__What is expected__.
Every line from the one that contains "Perry Ellis Men's" to the end of the records must be restated word for word. No other line belongs in the answer.

__Information given__.
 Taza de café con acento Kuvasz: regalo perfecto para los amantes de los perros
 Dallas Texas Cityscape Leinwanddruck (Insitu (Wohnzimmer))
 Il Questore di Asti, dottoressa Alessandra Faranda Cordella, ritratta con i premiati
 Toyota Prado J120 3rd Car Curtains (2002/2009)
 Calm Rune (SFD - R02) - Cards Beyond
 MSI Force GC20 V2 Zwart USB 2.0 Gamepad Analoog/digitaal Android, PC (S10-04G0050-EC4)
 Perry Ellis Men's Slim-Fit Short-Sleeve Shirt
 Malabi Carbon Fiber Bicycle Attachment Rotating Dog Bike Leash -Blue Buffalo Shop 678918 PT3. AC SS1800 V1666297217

__Response to this exercise__.
 Perry Ellis Men's Slim-Fit Short-Sleeve Shirt
 Malabi Carbon Fiber Bicycle Attachment Rotating Dog Bike Leash -Blue Buffalo Shop 678918 PT3. AC SS1800 V1666297217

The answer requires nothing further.